We will begin with the fundamentals of virtualization, then explore the role of hypervisors, focusing on the hosted hypervisor category. Finally, we'll unpack VirtualBox itself, examining its features, architecture, and real world applications.
The World of Virtualization and VMs
Virtualization is a sophisticated abstraction technique that decouples software execution environments from the physical hardware. It’s used in the creation of a virtual versions of physical objects, like servers, operating systems, storage devices, or network resources. It involves creating a logical layer of abstraction that enables the execution of multiple, isolated execution contexts over a single physical platform. At the lowest level, virtualization leverages hardware assistance (e.g., Intel VT-x, AMD-V) to map sensitive instructions and state transitions into controlled environments, managing privilege levels and secure resource partitioning. The abstraction operates at various levels to ensure that each virtual instance perceives access to a fully operational hardware stack, while, in reality, the hypervisor multiplexes underlying physical resources.
Virtual Machines (VMs) are concrete instantiations of this abstraction. They emulate an entire hardware platform, from processor state and memory hierarchy to peripheral devices, thus delivering a complete environment for running guest operating systems. At the architectural level, a VM encapsulates:
Virtual CPU (vCPU): A carefully scheduled subset of physical CPU resources, often with support for hardware assisted isolation through constructs such as Virtual Machine Control Structures (VMCS) on Intel and Virtual Machine Save Areas (VMSA) on AMD.
Virtual Memory: A layered mapping mechanism that translates guest virtual addresses to guest physical addresses and subsequently to host physical addresses via techniques like shadow paging or extended page tables (EPT/NPT), ensuring both isolation and performance.
Virtualized I/O: An emulated or paravirtualized interface that provides guest operating systems with device drivers, replicating functionalities of standard peripherals while abstracting direct physical device access.
VMs provide strong isolation by maintaining stringent boundaries between the guest's software state and the hypervisor’s control environment. Furthermore, they require intricate mechanisms to manage state transitions, interrupts, and exception handling in a manner that is both transparent to the guest OS and efficient for the hypervisor.

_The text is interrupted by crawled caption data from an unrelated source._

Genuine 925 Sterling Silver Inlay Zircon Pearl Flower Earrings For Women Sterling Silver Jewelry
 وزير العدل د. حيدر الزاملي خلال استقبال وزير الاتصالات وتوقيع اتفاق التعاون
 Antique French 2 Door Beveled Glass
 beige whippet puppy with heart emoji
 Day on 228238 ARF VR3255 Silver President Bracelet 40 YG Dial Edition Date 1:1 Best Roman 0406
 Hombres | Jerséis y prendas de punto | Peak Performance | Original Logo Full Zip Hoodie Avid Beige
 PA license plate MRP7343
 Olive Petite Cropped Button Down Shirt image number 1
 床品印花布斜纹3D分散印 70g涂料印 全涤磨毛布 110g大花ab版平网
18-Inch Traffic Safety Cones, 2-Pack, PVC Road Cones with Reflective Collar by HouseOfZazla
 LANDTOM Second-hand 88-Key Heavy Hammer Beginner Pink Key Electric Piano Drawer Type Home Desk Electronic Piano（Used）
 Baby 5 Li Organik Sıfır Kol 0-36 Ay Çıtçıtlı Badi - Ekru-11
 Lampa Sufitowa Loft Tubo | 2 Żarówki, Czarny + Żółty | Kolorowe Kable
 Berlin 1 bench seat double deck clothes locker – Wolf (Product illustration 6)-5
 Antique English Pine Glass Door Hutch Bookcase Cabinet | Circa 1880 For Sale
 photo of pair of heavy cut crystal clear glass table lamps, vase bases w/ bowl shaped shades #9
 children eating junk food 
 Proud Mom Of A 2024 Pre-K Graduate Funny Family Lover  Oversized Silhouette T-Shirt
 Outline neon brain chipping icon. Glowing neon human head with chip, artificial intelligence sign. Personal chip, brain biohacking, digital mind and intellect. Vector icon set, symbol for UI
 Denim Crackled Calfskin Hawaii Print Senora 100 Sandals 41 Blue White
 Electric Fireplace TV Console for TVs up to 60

Hypervisors: The Backbone of Virtualization
At the heart of virtualization lies the hypervisor, often referred to as virtual machine monitors (VMMs), a software layer that manages and allocates resources to virtual machines (VMs). Hypervisors act as the intermediary between the VMs and the underlying physical hardware.
Two Types of Hypervisors
Type 1 (Bare Metal Hypervisors)
These hypervisors run directly on the host's hardware, providing direct access to system resources. These hypervisors maintain a microkernel like architecture, relying on minimal trusted computing bases to reduce attack surfaces and improve performance. Examples include VMware ESXi and Microsoft Hyper-V. They offer superior performance and are typically used in enterprise level virtualization deployments.
Type 2 (Hosted Hypervisors)
These hypervisors run on top of an existing operating system, like Windows, macOS, or Linux. They abstract physical hardware resources via OS provided APIs, which typically introduces additional layers and overhead but gives them greater ease of use and flexibility, making them ideal for individual users and development environments. Examples include VirtualBox, VMware Workstation, and Parallels Desktop.
Hypervisor Virtualization Methods
Full Virtualization
The hypervisor provides complete simulation of the underlying hardware. Techniques such as binary translation intercept privileged instructions that can’t operate in non root modes. The hypervisor translates sensitive instructions into safe sequences, maintaining the illusion of full hardware control.
Paravirtualization
Instead of intercepting sensitive instructions, the guest OS is modified to use hypercalls (akin to system calls) to interact with the hypervisor directly. This approach reduces overhead as it avoids binary translation and improves performance, particularly with I/O operations.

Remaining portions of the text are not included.